There were these pancakes we would make. I think they were called pikelettes. They were best when the batter was made ahead of time and left to expand under a tea towel. “Is it ready yet Mum?” I would ask. Finally we got out the griddle pan and dribbled funny faces and animals onto the hot surface, then ate them hot with butter. Mum made the best Yorkshire puddings. The best. Big and hollow and spectacular.
When I was seven I had the mumps and was home from school for a few days. Mum seemed to love having me around. She sat down and wrote me a story about a minor bird and his adventures in the jungle. She did the illustrations as well, while I sat on my inflatable chair in front of the TV. I could smell the stew on the stove, simmering away to make tender ‘fall off your fork’morsels. At Halloween she made my costume. I sat on the bed in the spare bedroom where she had her sewing machine set up and watched her work. Chocolate bourbon biscuits were on a plate on the tray with her pot of tea. It was there she promised she would never send me to boarding school, a promise she couldn’t keep. Years later she made me my ball dress. Green silk it was. She stayed up all night so thrilled for me to be going to a hunt ball with my college friends. My date selected my mother to host our pre ball dinner stating she was the most classy of all the Mums and she didn’t let us down with her pork casserole and strawberry mousse.

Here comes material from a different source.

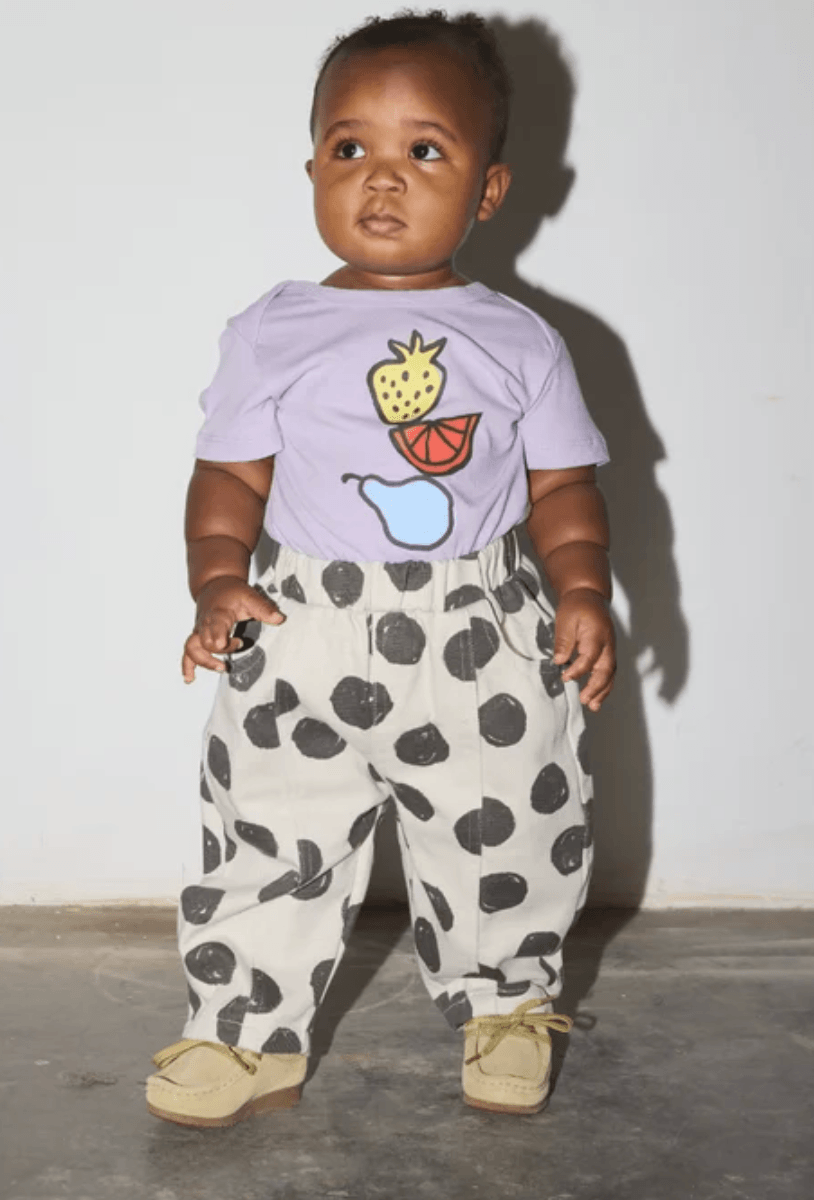 A baby standing against a plain wall wearing a light purple t-shirt with a fruit graphic and cream-colored pants with black spots, paired with tan shoes.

On Saturdays we went to the antique market. We loved the racks of lace nighties and we loved the little café in the attic. A greasy spoon type place that served delicious quiche and salad. Mum fancied the two of us running a place like that. “Shall we Nick?” she’d ask, “shall we have a brownie too?”
Boarding school took a lot away from me. I was always homesick. It took away my personality, my love of life, my curiosity, my happy chubbiness, and returned to me, stoicism, independence and anorexia. I would sit on the window sill in the chapel at the top of the school and see the lights in all the houses on the hill, thinking how lucky they were to be home, where their mother was dishing up some steaming soup, with hot crusty bread, or passing out a meringue or two. I was always cold, and always studying, living for my few weekends at home where I would curl up next to Mum, now guiltily eating some treat I used to enjoy with gusto.
Searching always for that return to innocence I followed a career in food, until I was in my mid twenties and moved on to ventures new.
Tomorrow I think I will make myself some sandwiches and walk up to the chalk horse. Sit there and stare down at the village where mum is, in the cemetery. We came to this spot when she was so ill she was unable to get out of the car. We ate sandwiches while the wind blew through the heather. I remember being so choked up looking at her, so brave, despite us having to pull over for her to throw up, that I excused myself and went walking. The wind blew the tears from my eyes. There were blackberries abundant which I would normally have picked but this time they just triggered more grief, knowing it was one of our favorite things to do. We even picked so many once we attempted to make blackberry wine, the kitchen strewn with blopping jars of brew.
“If I have to come back as another animal in my next life”, Mum would say, “I’d be a seagull, they fly, they walk, they swim and no one hunts them. If I come back as a tree, I’d be a silver birch. Silver like my hair but delicate and graceful.’.
I remember all this while I eat my sandwich on the hillside and wonder why one lone seagull is flying so far inland, away from the coast riding the thermals and hoping for a crust from me.